Millet Cherry Bars

Millet Cherry Bars

It’s fairly common knowledge that, when we’re exercising for more than 1 hour, we need to eat.  The purpose of this refueling is to replace carbohydrate stores necessary for keeping those energy levels up.  But…what to eat?  Sure, there are commercial gels & bars.  But what about making your own?  Here’s a simple, super yummy recipe that will keep you going from Minute 1 to Minute 1,000!

Millet Cherry Bars

  • 1 cup chopped pecans (or almonds or any kind of nut)
  • 1/2 cup raw millet (or quinoa)
  • 1/4 cup raw sunflower seeds
  • 1/4 cup raw pumpkin seeds
  • 1 cup dried cherries (or cranberries…or any kind of dried fruit)
  • 3 tablespoons honey
  • Zest of 1 medium orange or lemon
  • 1/2 teaspoon salt

Preheat oven to 350 degrees.  Spread pecans, millet, sunflower seeds, & pumpkin seeds on a rimmed baking sheet.  Place in oven & heat, stirring a couple of times, until golden & fragrant, 10-12 minutes.

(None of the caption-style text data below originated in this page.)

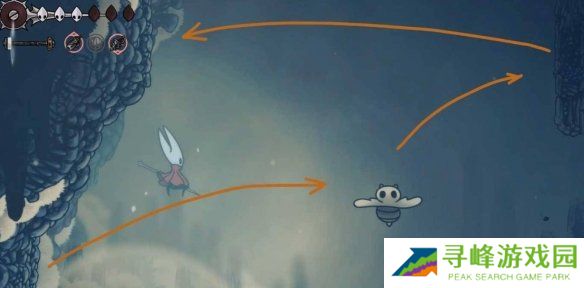 空洞骑士丝之歌二段跳怎么拿    二段跳位置及获得方法图片80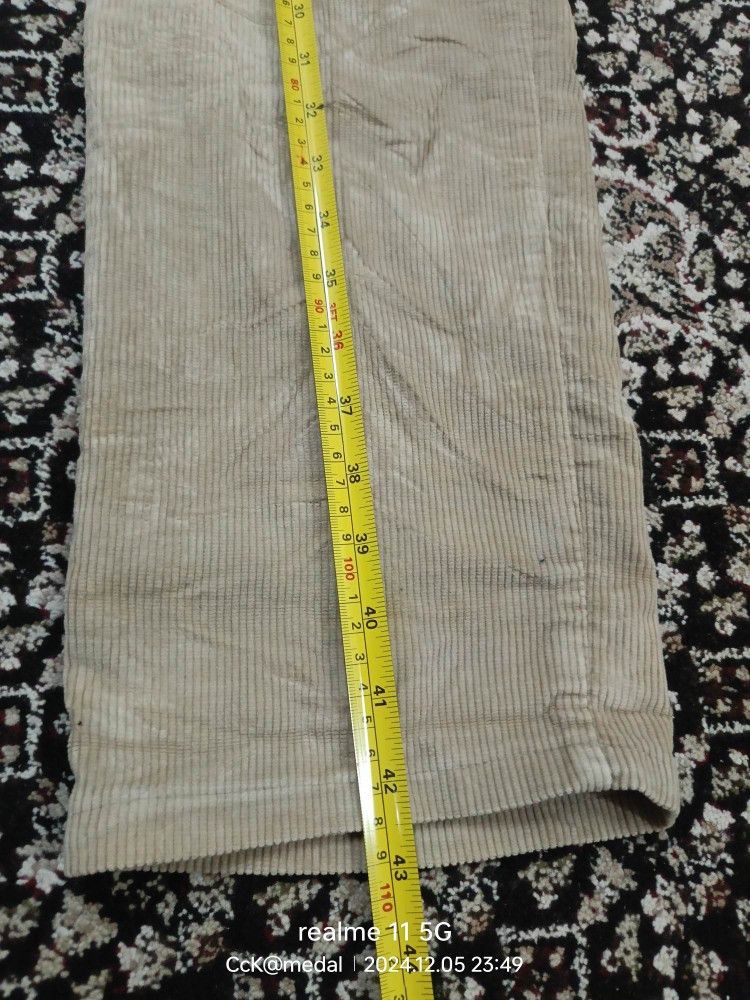 Lee Lee Corduroy Vintage Size US 30 / EU 46 - 6 Thumbnail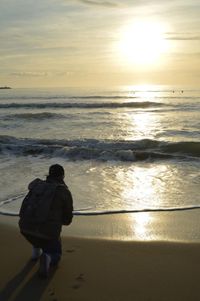 The Slow Burn: Currents
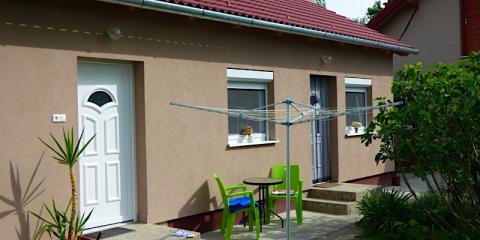 Eleonóra Apartman, 1 apartman 4 férőhely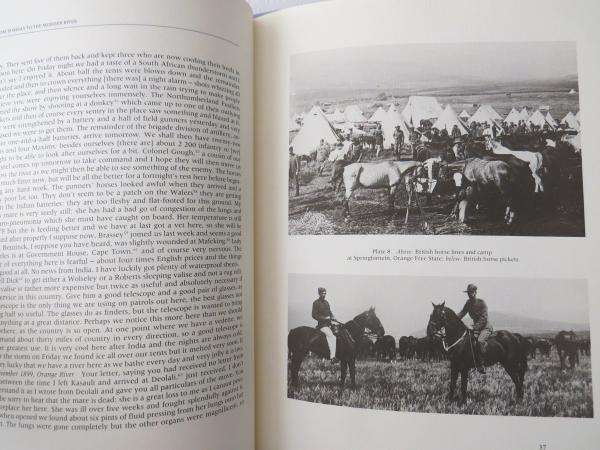 A Soldier in South Africa 1899 to 1902 - S. B. Spies (editor) (Brenthurst)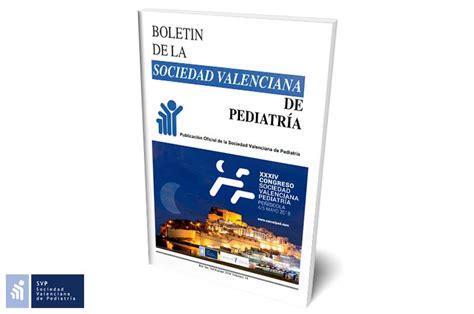 Boletín Svp Anual Sociedad Valenciana De Pediatría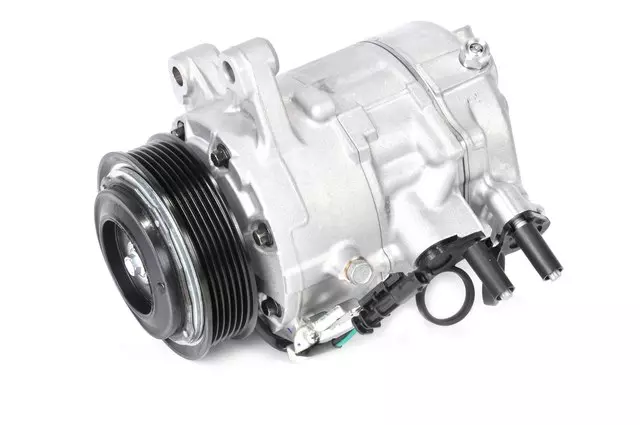 Air Conditioning Compressor Kit - ACDelco (86801848)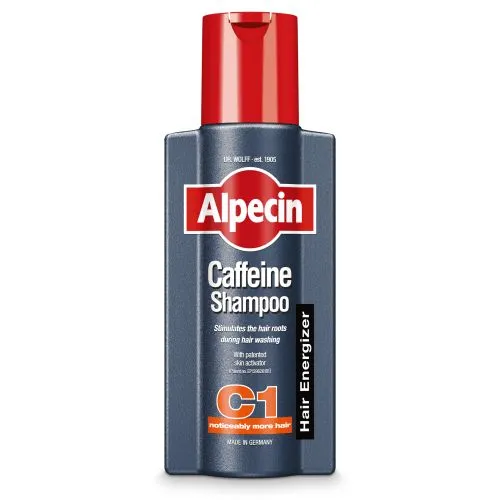 ALPECIN CAFFEINE SHAMPOON 250ML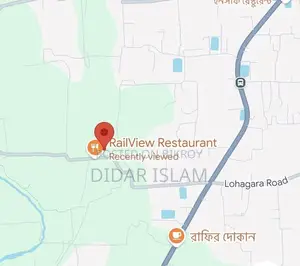Huge Land For Sale Near Ctg-cox Highway
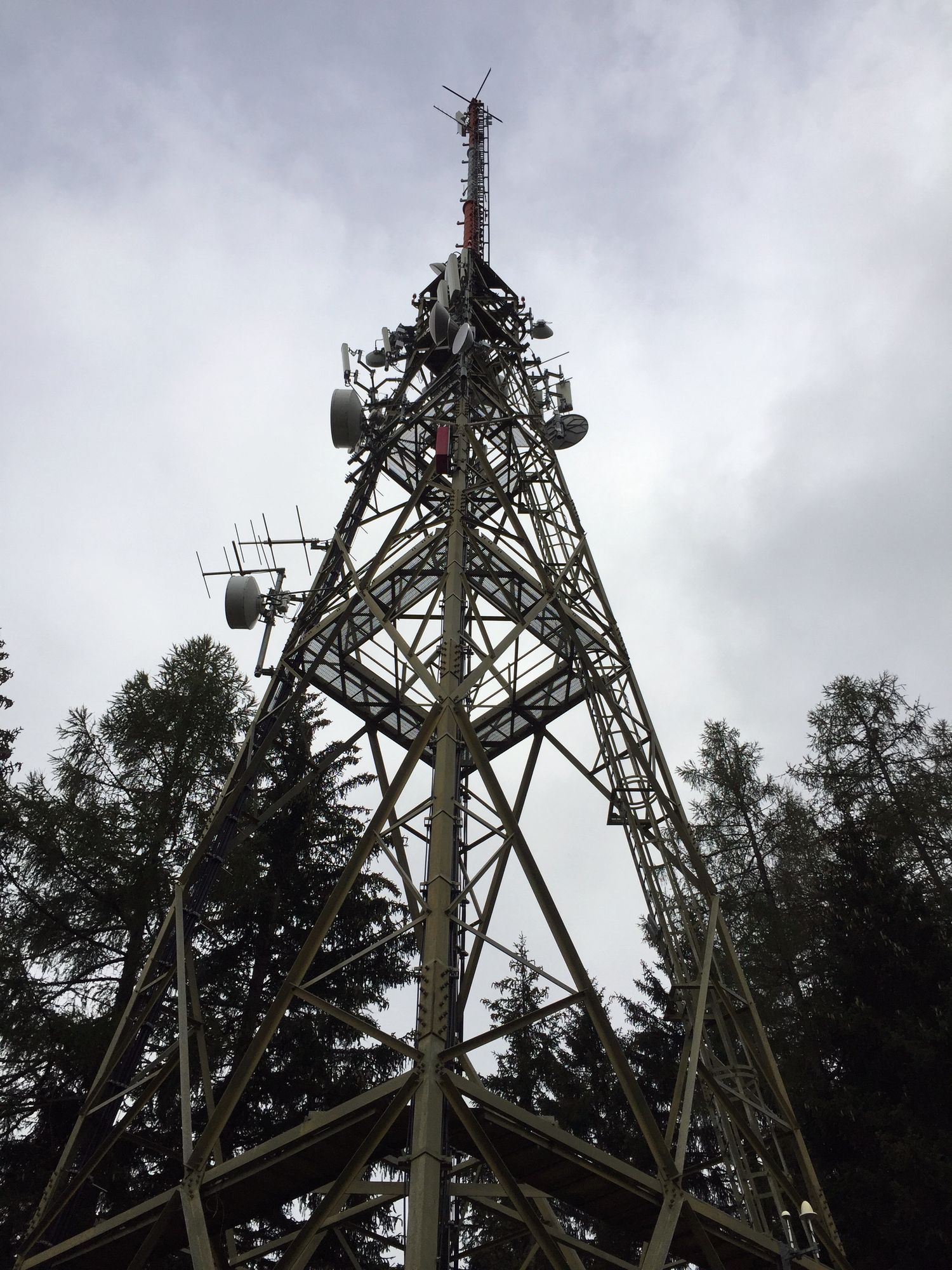 Die Anlage im September 2020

Line an 8 x 8-in square baking pan w/ a piece of parchment paper large enough so there is a 1-in overhang.

Reduce oven temp to 200 degrees.  Blend cherries, honey, orange zest, salt & 2 tablespoons water in a food processor into a paste.  Transfer to a bowl & stir in toasted pecan mixture.  Press firmly into prepared pan in an even layer & bake until just slightly sticky to the touch, 25-30 minutes.  Let cool completely in pan before using the parchment overhang to lift from pan.  Cut into 9 bars.

These can be kept chilled for 2 weeks or frozen for up to 2 months if wrapped tightly.